• WHAT IS REQUIRED:
A verbatim copy is needed of the lines below from the one containing "2024 Volkswagen Tiguan" up to and including the one containing "Tallest Building Burj Dubai At Night", excluding pictures.

• DATA SHOWN:

*** Begin section ***

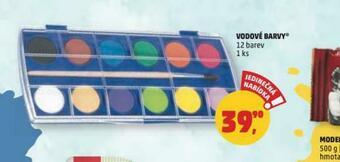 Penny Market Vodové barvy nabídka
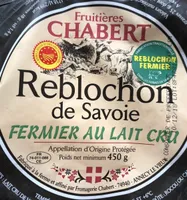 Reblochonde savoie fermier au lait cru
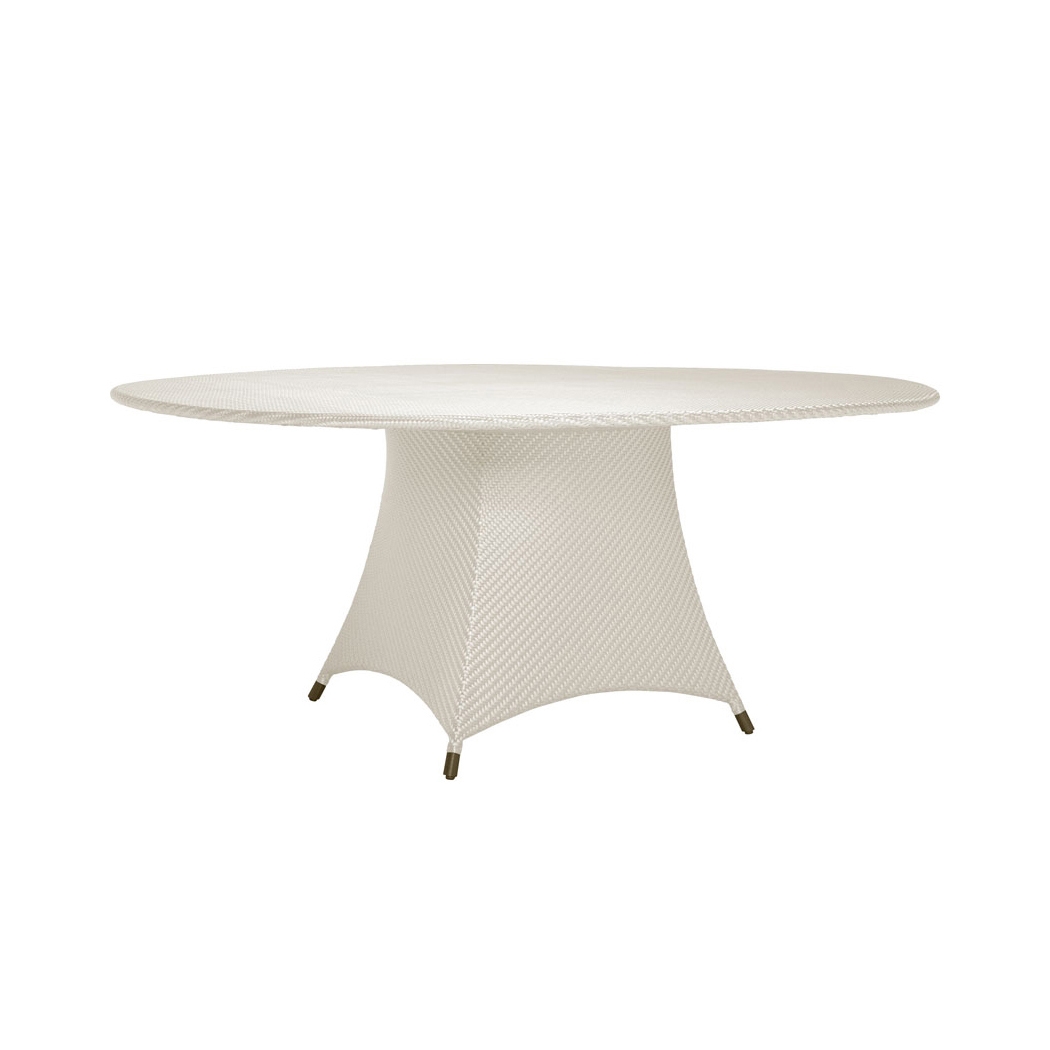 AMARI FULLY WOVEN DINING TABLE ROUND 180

*** End section ***
*** Begin section ***

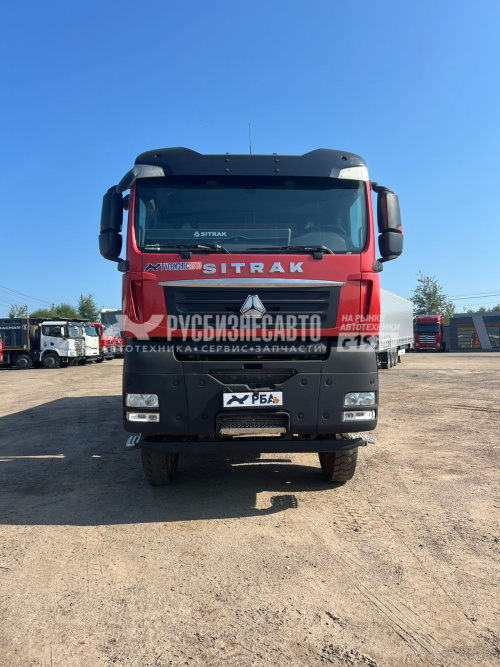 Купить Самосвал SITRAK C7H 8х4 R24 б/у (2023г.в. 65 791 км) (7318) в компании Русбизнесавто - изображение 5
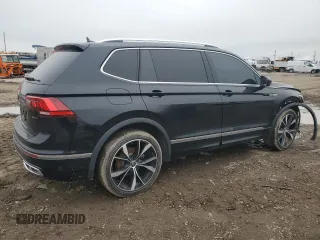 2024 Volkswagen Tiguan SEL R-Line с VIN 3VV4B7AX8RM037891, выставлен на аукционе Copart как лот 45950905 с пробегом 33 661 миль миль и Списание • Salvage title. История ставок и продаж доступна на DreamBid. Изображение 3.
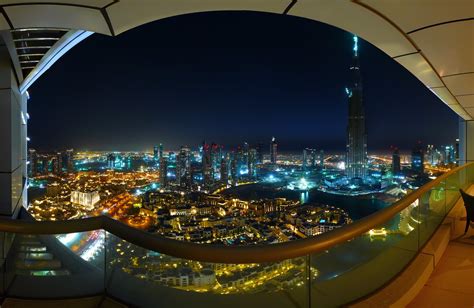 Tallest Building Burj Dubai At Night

*** End section ***

• SOLUTION FOR THIS TASK:
 2024 Volkswagen Tiguan SEL R-Line с VIN 3VV4B7AX8RM037891, выставлен на аукционе Copart как лот 45950905 с пробегом 33 661 миль миль и Списание • Salvage title. История ставок и продаж доступна на DreamBid. Изображение 3.
 Tallest Building Burj Dubai At Night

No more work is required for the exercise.